Only one paper jam. Only one sheet of paper got "scrunched up" a bit because of it. No real damage done. Impressive, indeed.

2.1 gigabytes of data generated in 1,363 files of varying sizes, ranging from 1 to 200 pages per file.

Confession time. I've been scanning the "easy" stuff first! The stuff that is already somewhat organized. Also a five-volume set of books on the Berlin family - soft-cover, spiral bound. Easy enough to remove the binding without causing damage. They aren't listed in the online catalog of the Allen County Public Library so the books will be donated to them. Maybe someone else can get some use out of them. And several other books that will be passed on to other researchers. I certainly don't want to get into any trouble over copyright issues, so to put that issue to rest, the scanned copies are strictly for my own use, they won't be given to or shared with anyone else, except perhaps for a few pages.

The scanning is amazingly quick. I'm using the laptop computer to do the scanning since it is newer, faster, and has USB-2 capability. The output is quite acceptable but, to state the obvious, the quality of the output is dependent upon the quality of the pages being scanned. Just think of the adage "Garbage In - Garbage Out" which is true with most things! On average, it takes about half as long to generate the searchable pdf file as it does to scan the documents (i.e., an hour of scanning will take about half-an-hour to make the files searchable). If the pages are double sided text it will take twice as long to make them searchable.

The software that comes with the ScanSnap creates the searchable pdf files without the need to have the full version of Adobe Acrobat. If you have pages with very small type or with the older style fonts (think old newspapers) the software doesn't do that great a job with the OCR but I've been impressed with how well it does overall. The software also allows you to add or remove pages from a pdf file (if it was created by the software) so you can scan in small batches and then combine those into one file. I'm not sure how much data the scanner will store in memory so if I'm scanning a large number of pages I usually do a maximum of about 30 pages to one file. After all the pages for that particular document are scanned, I merge them into one file, then delete the small files. It's really not as complicated as it sounds.

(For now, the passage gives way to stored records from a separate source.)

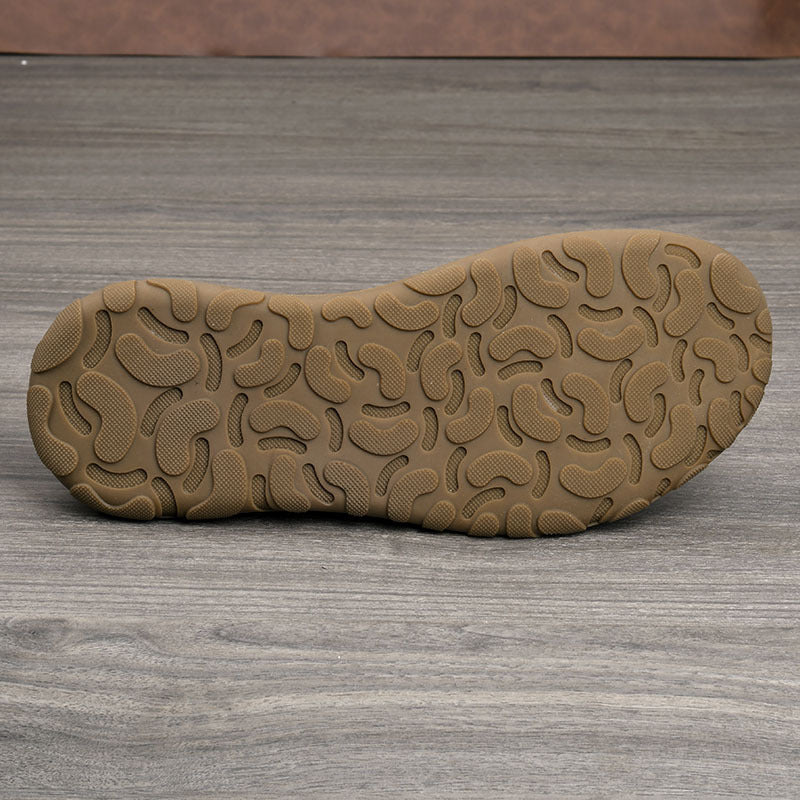 Men's Layer Cowhide Easy To Match Breathable Elephant Pattern Low Men's Casual Leather Shoes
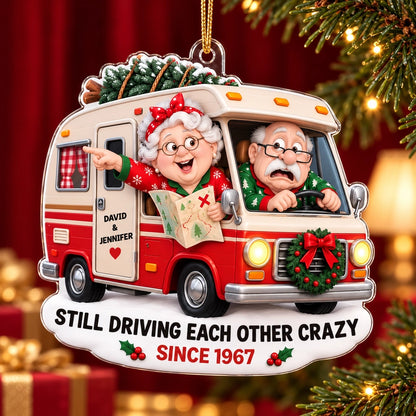 Personalized Funny Couple Christmas RV Acrylic Ornament, Still Driving Each Other Crazy, Gift for Grandparents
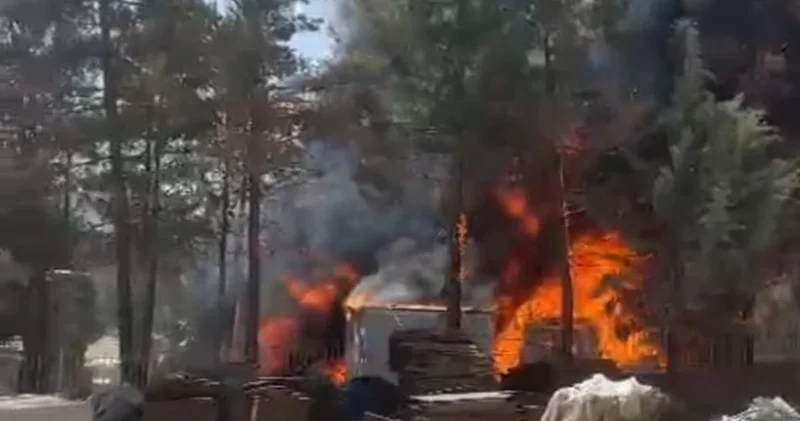 Malatya da şantiyede korkutan yangın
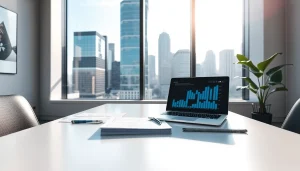 Bewertung für Ihre Immobilie auf https://frankfurt-haus-bewerten.de in einem modernen Büro mit Skyline.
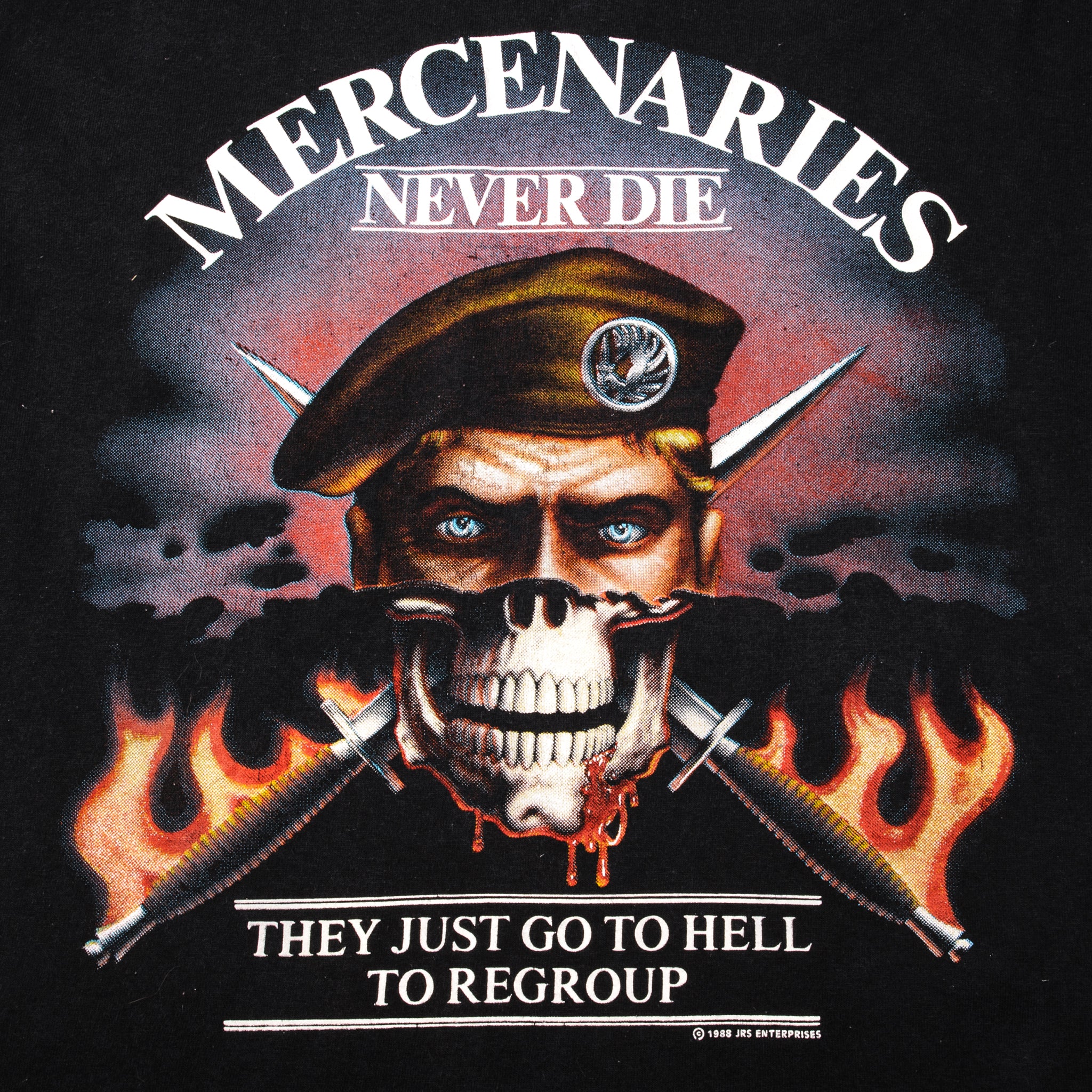 Vintage Mercenaries Never Die T-Shirt 1988 Retro Graphic Tee | Small Size | 100% Cotton Made in USA | Casual Wear & Street Style Outfit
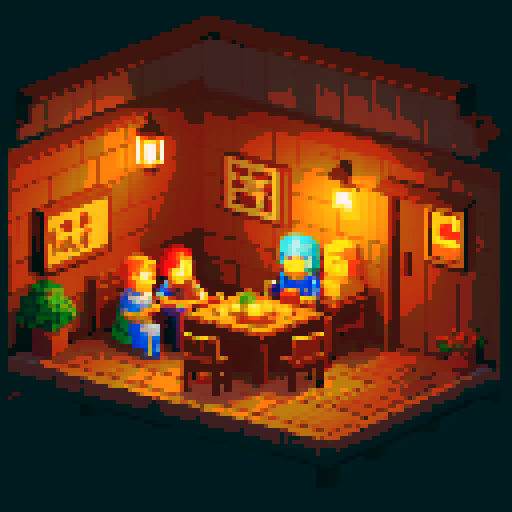 Cozy inn with dim lights and band of heroes sitting next to the table, pixel art 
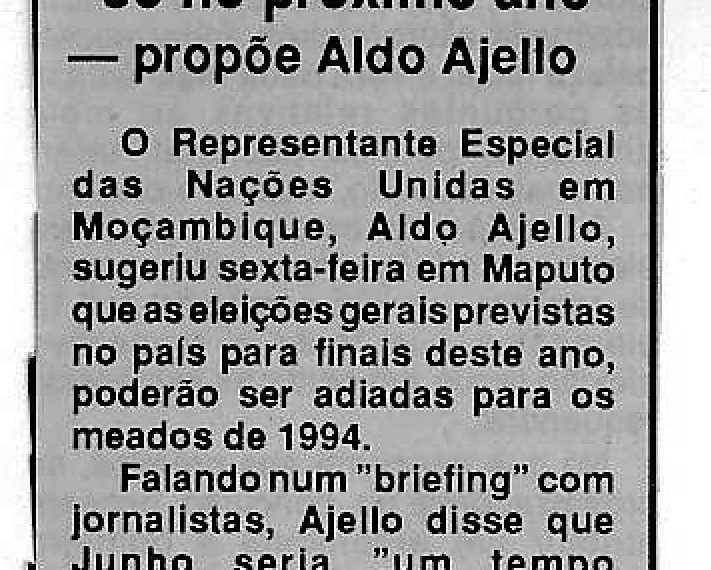 Eleições só no próximo ano: propõe Aldo Ajello – 25 de Fevereiro de 1993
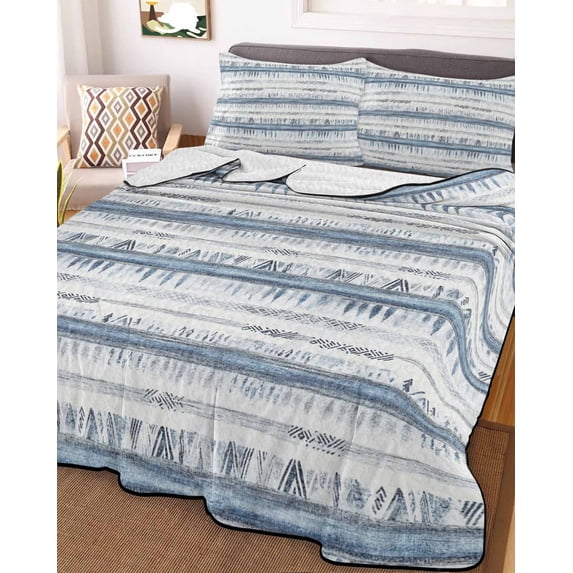 White Blue Stripe Twin Size Down Alternative Comforter, Lightweight Comforter Quilt Bedding Set with Pillow Shams Abstract Modern Brush Vintage All Seasons Bed Comforter Duvet Insert 68"x86"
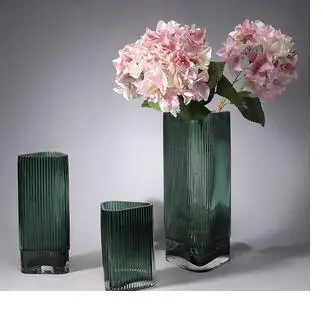 

FLOWER VASE HOME DECORATION GLASS BLUE VERTICAL STRIPES GRADIENT FLOWERS POT FLORAL HOME DECORATION ACCESSORIES MODERN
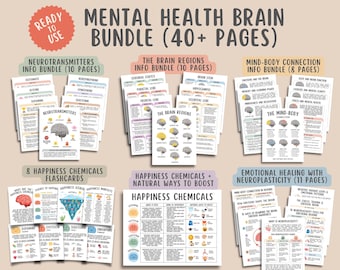 Mental Health Brain Bundle, The Brain Regions, Neurotransmitters & Neuroplasticity Info Sheets, Happiness Chemicals, Mind Body Connection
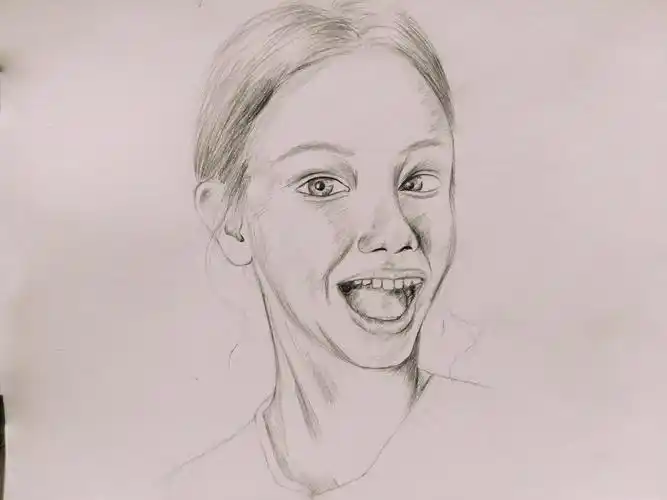 头像素描006-笑脸女生(有步骤图) - 简书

To make some space for the scanned stuff, I had to spend a couple of days cleaning up the hard drive of my desktop computer. Basically I created an Archive folder on my laptop and on the external drives used for backups and moved a lot of older files to that folder. They are still accessible to me, just not on the desktop computer.

Well, I still have lots of files left to scan, though there are now some "blank spots" on the shelves! Progress is being made... and, believe it or not, it really isn't that tedious. One advantage to having the files digitized is that, in most cases, the information is easier to read. Another is if the pdf files are made searchable then the text can be copied and pasted into a word document or into my genealogy database, saving on some typing.

If you are thinking about digitizing your genea-documents, I highly recommend this little scanner. It is a bit pricey for a scanner, but in my opinion, well worth the money! It won't replace your flatbed scanner for scanning photographs since that isn't what it is meant to do. But it does what it was designed to do - scan documents - and does it very well.


Janet Iles said...

Congratulations on the scanning that you have accomplished during the last month.

Msteri said...

Wow! I scanned about 1000 pieces in a month and was proud of that. Sounds like your scanner is a winner!